I0815 22:20:39.351375 6788 simulator.py:145] Loaded navmesh data/scene_datasets/mp3d/B6ByNegPMKs/B6ByNegPMKs.navmesh [14/4757]
2021-08-15 22:20:39,364 Initializing task MultiNav-v1
2021-08-15 22:20:51,003 agent number of parameters: 20248389
/home/mai/jroh/miniconda3/envs/mon2/lib/python3.8/site-packages/torch/optim/lr_scheduler.py:131: UserWarning: Detected call of `lr_scheduler.step()` before `optimizer.step()`. In PyTorch 1.1.0 and later,
you should call them in the opposite order: `optimizer.step()` before `lr_scheduler.step()`. Failure to do this will result in PyTorch skipping the first value of the learning rate schedule. See more de$
ails at https://pytorch.org/docs/stable/optim.html#how-to-adjust-learning-rate
warnings.warn("Detected call of `lr_scheduler.step()` before `optimizer.step()`. "
/home/mai/jroh/projects/multion/habitat_baselines/rl/models/rnn_state_encoder.py:105: UserWarning: This overload of nonzero is deprecated:
nonzero()
Consider using one of the following signatures instead:
nonzero(*, bool as_tuple) (Triggered internally at /opt/conda/conda-bld/pytorch_1607370117127/work/torch/csrc/utils/python_arg_parser.cpp:882.)
has_zeros = (masks[1:] == 0.0).any(dim=-1).nonzero().squeeze().cpu()
Traceback (most recent call last):
File "habitat_baselines/run.py", line 91, in <module>
main()
File "habitat_baselines/run.py", line 43, in main
run_exp(**vars(args))
File "habitat_baselines/run.py", line 86, in run_exp
trainer.train()
File "/home/mai/jroh/projects/multion/habitat_baselines/rl/ppo/ppo_trainer.py", line 1231, in train
) = self._update_agent(ppo_cfg, rollouts)
File "/home/mai/jroh/projects/multion/habitat_baselines/rl/ppo/ppo_trainer.py", line 1124, in _update_agent
value_loss, action_loss, dist_entropy = self.agent.update(rollouts)

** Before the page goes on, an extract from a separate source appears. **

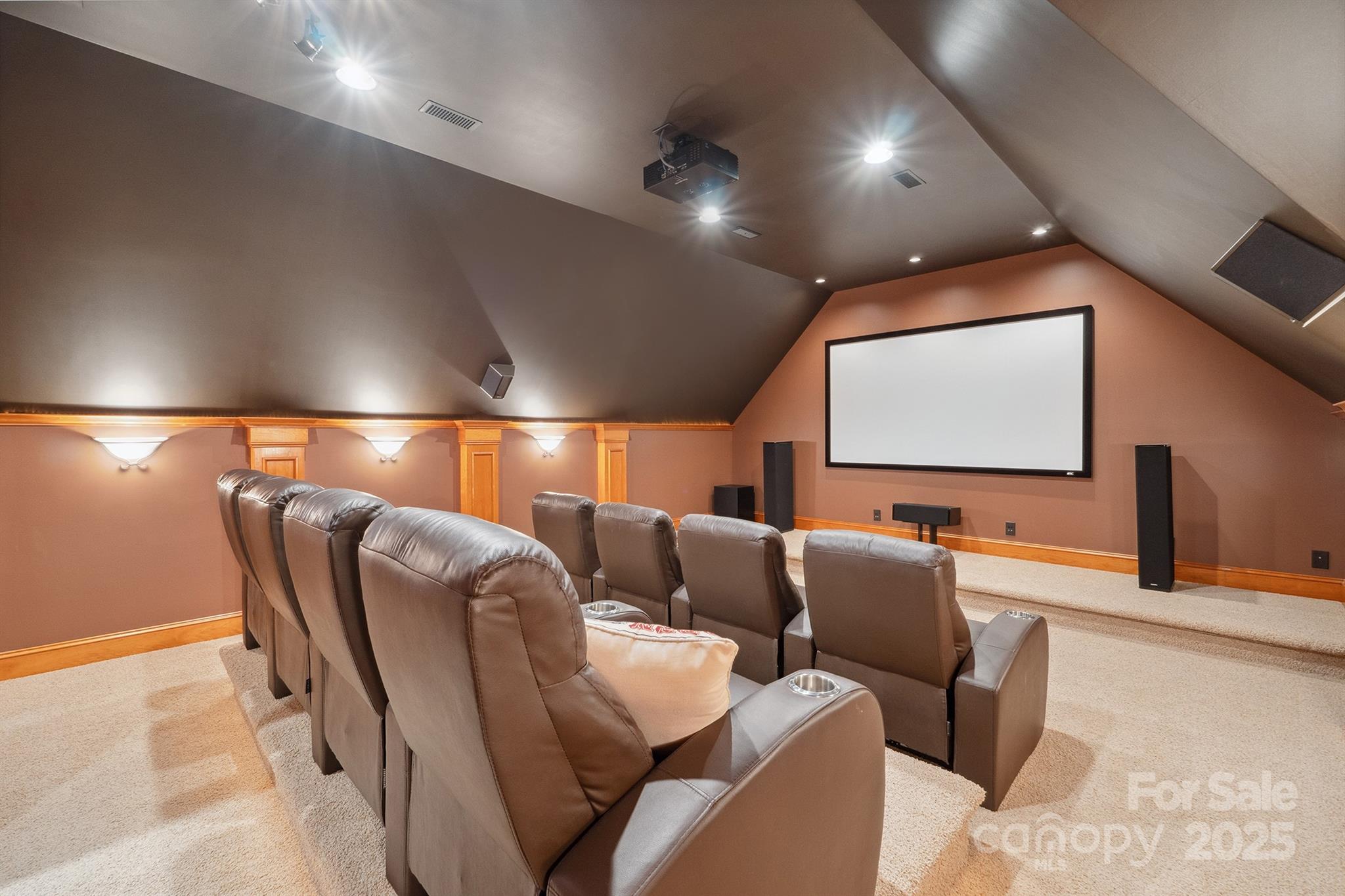 270 North Street Salisbury, NC 28147 - Photo 31 of 48 a media room with lots of chairs and a projector screen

File "/home/mai/jroh/projects/multion/habitat_baselines/rl/ppo/ppo.py", line 232, in update
for sample in data_generator:
File "/home/mai/jroh/projects/multion/habitat_baselines/common/rollout_storage.py", line 422, in recurrent_generator
ind = perm[start_ind + offset]
IndexError: index 18 is out of bounds for dimension 0 with size 18
I am using python 3.8.11, pytorch 1.7.1, cudatoolkit 10.1.
I'm sorry, but did you solve this problem?
I want to know the solution, too
Can you please try changing NUM_PROCESSES from 18 to 16 here? Let us know if that works.
sonia-raychaudhuri, it works well! Thank you. By the way I left a question at "Embodied AI workshop" Slack channel, and you gave me reply. And thank you for your reference as I left a reply.
num_processes
and num_mini_batch
define how many environments to keep in each mini batch here. If num_processes
is not a multiple of num_mini_batch
, this will give an error. I believe your num_mini_batch
is set to 4. So setting num_processes
to 16 or 20, as opposed to 18 will do the trick.